ABOUT THIS EXERCISE: Where the listing below has a line with "Students examining a robotic device", write out exactly that line and every line after it, stopping after the line with "a view of a house".

--- SUPPLIED RECORDS Enclosed Below ---

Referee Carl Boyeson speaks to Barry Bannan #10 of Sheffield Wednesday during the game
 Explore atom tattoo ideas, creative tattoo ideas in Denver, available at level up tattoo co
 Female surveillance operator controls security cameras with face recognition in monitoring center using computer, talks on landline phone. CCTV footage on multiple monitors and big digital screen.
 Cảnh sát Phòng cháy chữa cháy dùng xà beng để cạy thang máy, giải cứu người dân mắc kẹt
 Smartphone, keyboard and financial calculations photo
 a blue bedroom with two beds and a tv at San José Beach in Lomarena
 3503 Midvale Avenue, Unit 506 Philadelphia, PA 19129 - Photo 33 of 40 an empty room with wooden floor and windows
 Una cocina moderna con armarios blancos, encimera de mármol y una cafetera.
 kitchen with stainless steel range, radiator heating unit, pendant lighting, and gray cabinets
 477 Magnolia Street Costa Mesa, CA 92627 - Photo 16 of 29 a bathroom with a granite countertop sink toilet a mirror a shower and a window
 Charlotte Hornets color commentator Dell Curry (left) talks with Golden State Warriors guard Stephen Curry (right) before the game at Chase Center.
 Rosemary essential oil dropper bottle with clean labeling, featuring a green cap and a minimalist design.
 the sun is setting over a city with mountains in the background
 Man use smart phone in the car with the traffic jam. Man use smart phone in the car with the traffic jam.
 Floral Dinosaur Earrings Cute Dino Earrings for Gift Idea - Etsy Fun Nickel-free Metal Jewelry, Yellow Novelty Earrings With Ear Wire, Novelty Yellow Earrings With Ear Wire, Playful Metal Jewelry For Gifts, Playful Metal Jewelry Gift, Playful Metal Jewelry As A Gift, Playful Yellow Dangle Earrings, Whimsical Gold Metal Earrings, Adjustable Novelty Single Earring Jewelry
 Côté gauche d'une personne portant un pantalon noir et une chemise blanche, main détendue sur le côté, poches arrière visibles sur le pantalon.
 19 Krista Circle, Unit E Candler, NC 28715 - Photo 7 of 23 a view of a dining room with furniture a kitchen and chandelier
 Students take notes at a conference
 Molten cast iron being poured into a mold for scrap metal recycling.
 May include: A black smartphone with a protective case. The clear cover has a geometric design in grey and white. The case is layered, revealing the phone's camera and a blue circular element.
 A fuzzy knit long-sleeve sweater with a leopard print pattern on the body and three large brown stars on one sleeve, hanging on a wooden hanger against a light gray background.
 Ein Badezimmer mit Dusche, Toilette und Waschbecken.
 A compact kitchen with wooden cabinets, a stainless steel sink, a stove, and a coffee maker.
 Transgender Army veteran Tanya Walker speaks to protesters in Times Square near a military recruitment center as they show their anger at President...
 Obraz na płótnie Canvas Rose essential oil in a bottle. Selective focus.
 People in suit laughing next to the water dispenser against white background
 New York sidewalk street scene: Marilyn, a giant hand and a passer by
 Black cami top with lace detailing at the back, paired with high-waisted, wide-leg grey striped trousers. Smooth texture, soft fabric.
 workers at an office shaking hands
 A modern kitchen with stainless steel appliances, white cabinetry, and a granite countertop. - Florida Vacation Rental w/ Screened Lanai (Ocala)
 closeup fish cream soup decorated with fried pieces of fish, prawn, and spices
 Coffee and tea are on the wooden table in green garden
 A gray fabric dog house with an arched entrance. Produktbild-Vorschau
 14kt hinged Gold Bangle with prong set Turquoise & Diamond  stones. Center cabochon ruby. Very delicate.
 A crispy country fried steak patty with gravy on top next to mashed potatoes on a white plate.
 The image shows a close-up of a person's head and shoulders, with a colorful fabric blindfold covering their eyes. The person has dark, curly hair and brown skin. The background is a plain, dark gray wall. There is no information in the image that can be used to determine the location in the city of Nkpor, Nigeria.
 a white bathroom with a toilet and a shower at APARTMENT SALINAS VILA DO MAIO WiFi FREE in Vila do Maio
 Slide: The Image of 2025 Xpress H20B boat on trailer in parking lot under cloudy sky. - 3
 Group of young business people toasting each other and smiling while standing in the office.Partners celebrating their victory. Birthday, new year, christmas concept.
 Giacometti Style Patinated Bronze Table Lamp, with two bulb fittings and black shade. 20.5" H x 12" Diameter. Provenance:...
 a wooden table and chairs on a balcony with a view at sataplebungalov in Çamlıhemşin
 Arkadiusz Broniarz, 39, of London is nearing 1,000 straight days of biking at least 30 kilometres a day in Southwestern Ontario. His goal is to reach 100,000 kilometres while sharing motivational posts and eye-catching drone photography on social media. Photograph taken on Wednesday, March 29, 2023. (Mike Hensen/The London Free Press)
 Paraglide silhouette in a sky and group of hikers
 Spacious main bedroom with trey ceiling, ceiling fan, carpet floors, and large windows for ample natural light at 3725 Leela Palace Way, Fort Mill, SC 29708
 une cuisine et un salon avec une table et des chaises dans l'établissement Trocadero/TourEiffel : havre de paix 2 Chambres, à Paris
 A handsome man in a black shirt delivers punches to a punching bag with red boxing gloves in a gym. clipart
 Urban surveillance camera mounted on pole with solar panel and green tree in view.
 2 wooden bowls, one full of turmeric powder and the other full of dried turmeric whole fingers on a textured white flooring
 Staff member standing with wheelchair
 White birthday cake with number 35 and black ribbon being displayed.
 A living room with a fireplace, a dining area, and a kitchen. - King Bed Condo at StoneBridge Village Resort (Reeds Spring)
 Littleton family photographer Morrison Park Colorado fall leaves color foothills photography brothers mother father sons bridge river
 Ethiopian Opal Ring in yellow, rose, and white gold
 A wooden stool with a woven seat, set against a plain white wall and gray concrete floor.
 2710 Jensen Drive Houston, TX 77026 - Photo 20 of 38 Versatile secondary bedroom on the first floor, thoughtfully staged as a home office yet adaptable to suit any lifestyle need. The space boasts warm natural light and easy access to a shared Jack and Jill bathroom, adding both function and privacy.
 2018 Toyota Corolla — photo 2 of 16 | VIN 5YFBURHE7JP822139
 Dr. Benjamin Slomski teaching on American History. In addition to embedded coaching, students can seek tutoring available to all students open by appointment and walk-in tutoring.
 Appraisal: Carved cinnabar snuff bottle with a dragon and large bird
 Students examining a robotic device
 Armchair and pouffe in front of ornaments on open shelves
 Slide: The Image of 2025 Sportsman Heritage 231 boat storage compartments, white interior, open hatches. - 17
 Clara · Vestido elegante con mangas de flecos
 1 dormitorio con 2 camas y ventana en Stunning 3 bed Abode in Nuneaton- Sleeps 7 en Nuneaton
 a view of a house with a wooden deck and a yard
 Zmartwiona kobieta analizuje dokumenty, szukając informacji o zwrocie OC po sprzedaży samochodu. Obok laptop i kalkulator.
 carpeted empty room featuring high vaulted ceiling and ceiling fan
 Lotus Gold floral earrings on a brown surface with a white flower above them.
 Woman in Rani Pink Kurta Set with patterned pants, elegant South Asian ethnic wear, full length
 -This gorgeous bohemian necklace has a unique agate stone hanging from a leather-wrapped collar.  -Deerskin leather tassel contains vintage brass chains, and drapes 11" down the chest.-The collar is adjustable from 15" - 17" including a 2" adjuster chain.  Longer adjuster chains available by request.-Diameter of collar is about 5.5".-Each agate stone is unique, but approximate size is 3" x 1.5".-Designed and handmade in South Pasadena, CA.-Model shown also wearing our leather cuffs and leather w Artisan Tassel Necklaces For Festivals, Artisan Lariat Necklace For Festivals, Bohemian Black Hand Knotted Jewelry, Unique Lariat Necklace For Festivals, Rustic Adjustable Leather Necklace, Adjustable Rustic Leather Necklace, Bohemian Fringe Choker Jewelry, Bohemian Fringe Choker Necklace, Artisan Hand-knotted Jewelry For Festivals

--- End of Enclosed SUPPLIED RECORDS ---

ANSWER AREA:
 Students examining a robotic device
 Armchair and pouffe in front of ornaments on open shelves
 Slide: The Image of 2025 Sportsman Heritage 231 boat storage compartments, white interior, open hatches. - 17
 Clara · Vestido elegante con mangas de flecos
 1 dormitorio con 2 camas y ventana en Stunning 3 bed Abode in Nuneaton- Sleeps 7 en Nuneaton
 a view of a house with a wooden deck and a yard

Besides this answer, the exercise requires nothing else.